● **Records supplied**
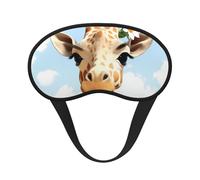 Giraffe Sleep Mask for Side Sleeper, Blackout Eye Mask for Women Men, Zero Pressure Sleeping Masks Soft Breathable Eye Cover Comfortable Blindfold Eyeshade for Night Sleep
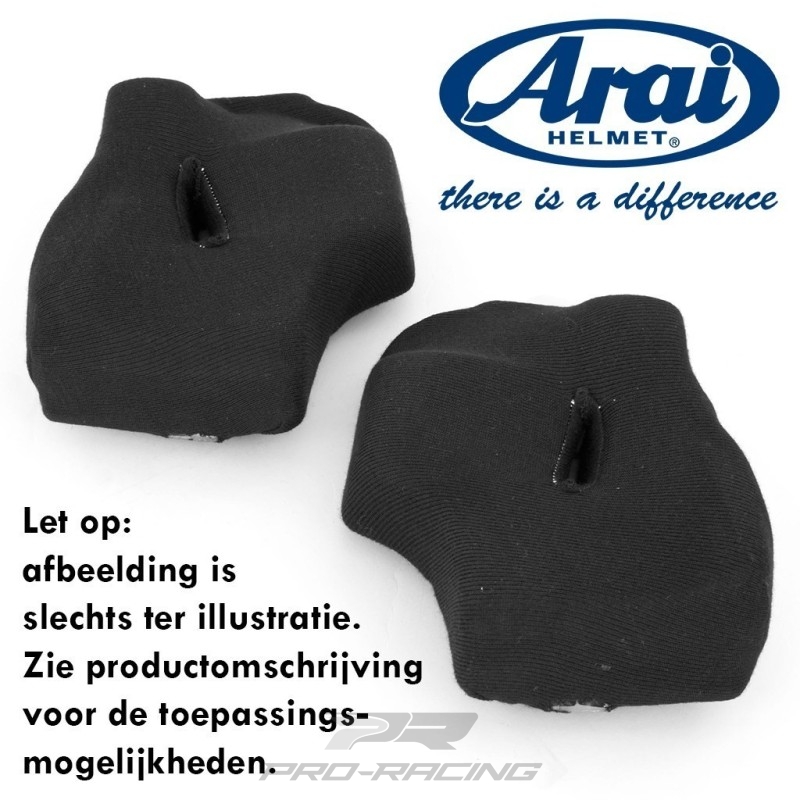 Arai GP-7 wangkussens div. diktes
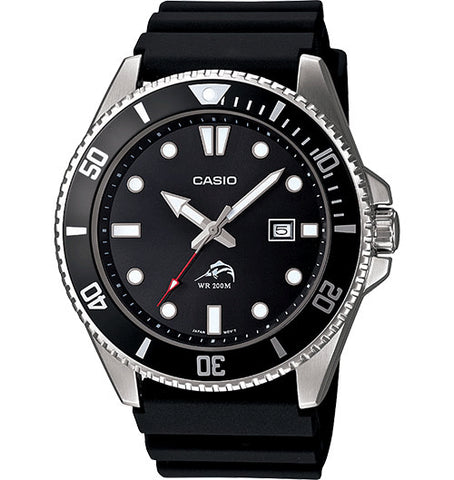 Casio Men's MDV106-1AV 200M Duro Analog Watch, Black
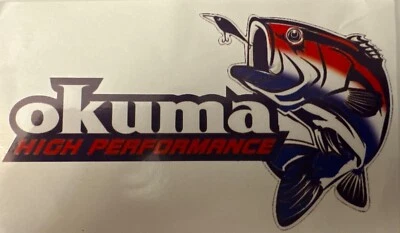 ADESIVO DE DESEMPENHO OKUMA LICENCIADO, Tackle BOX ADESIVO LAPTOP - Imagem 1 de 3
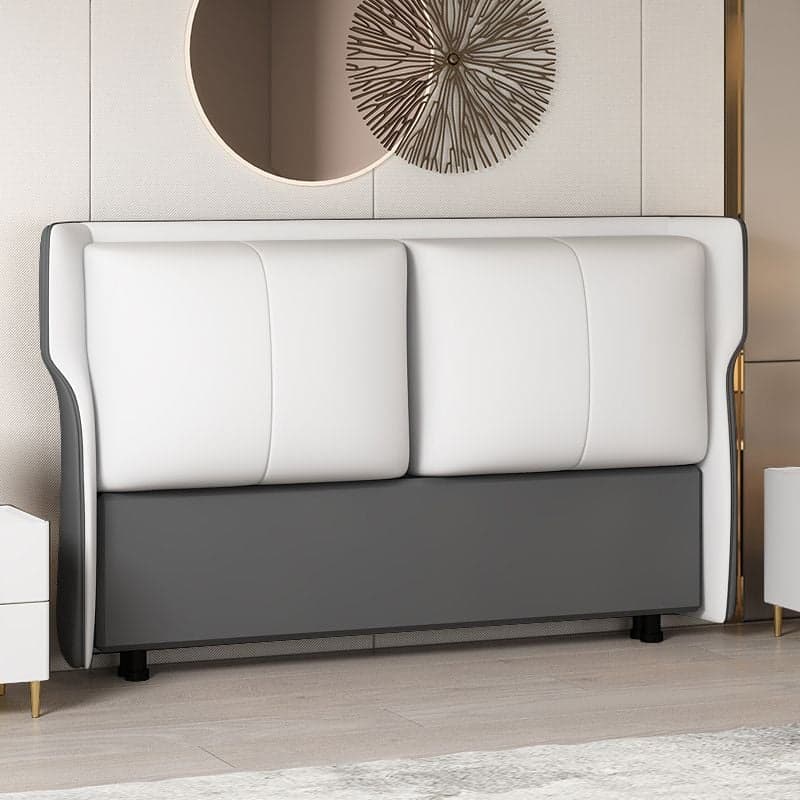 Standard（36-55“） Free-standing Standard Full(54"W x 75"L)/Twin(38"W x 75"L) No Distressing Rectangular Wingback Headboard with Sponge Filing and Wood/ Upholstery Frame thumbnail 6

● **Your goal**
Needed here is only the span from the line with "Casio Men's MDV106-1AV" through the last line of the entries, copied exactly with both ends and without pictures.

● **Your solution**
 Casio Men's MDV106-1AV 200M Duro Analog Watch, Black
 ADESIVO DE DESEMPENHO OKUMA LICENCIADO, Tackle BOX ADESIVO LAPTOP - Imagem 1 de 3
 Standard（36-55“） Free-standing Standard Full(54"W x 75"L)/Twin(38"W x 75"L) No Distressing Rectangular Wingback Headboard with Sponge Filing and Wood/ Upholstery Frame thumbnail 6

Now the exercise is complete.